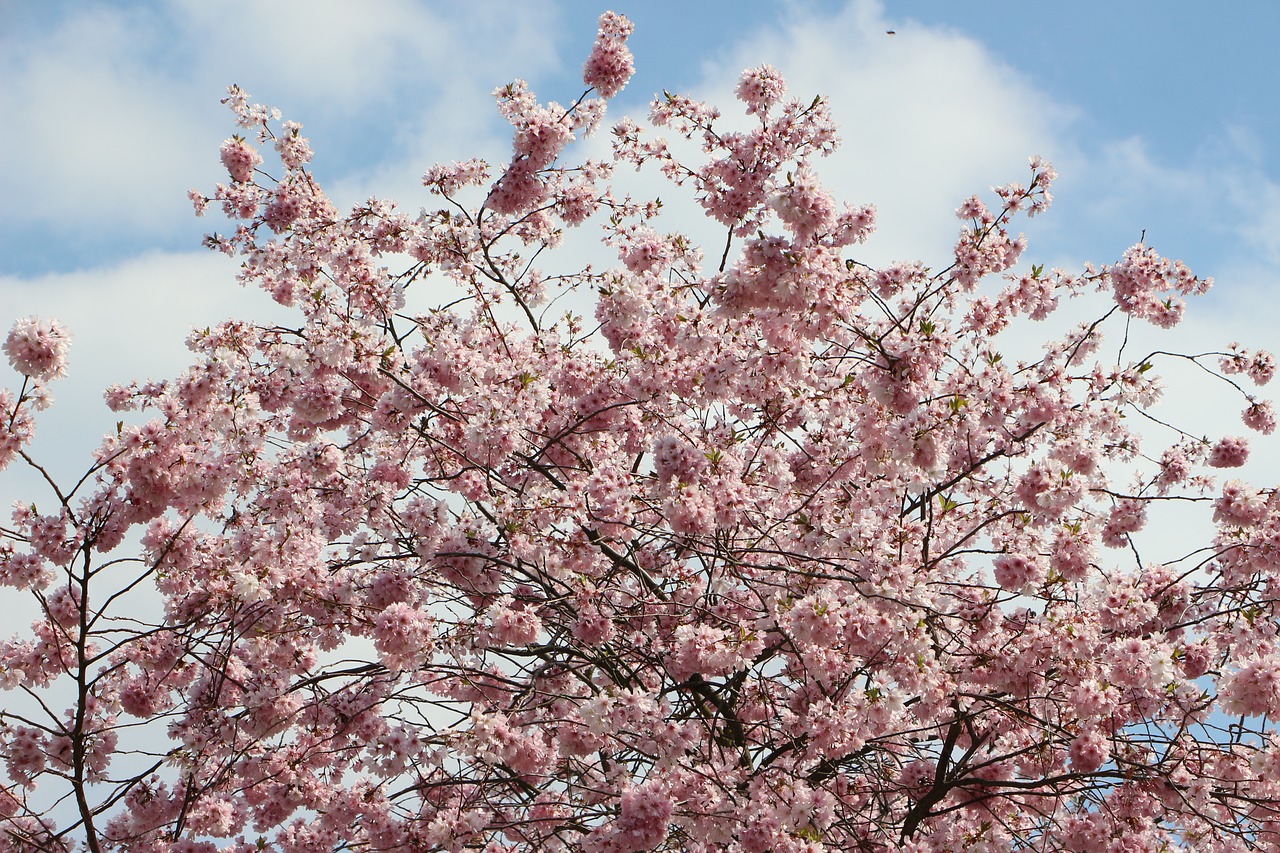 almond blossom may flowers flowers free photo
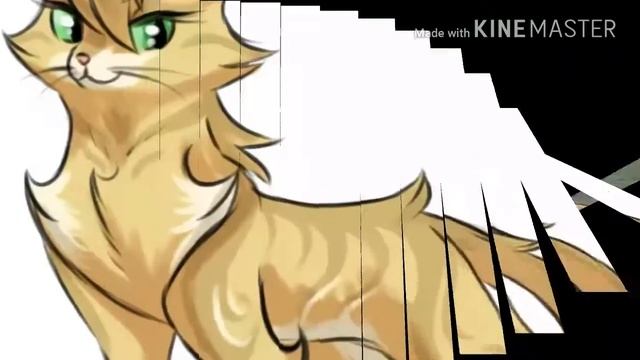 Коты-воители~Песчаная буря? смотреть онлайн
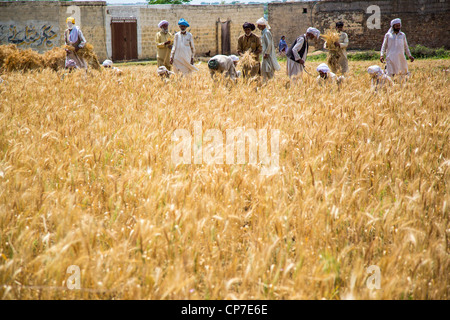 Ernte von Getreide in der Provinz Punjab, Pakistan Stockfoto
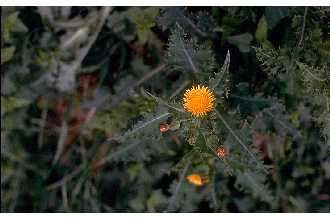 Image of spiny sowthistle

--- --- ---

Both the line containing "Коты-воители~Песчаная буря? смотреть онлайн" and the last line of the listing above belong in the copy, along with every line between them; retype them exactly and omit the pictures.

 Коты-воители~Песчаная буря? смотреть онлайн
 Ernte von Getreide in der Provinz Punjab, Pakistan Stockfoto
 Image of spiny sowthistle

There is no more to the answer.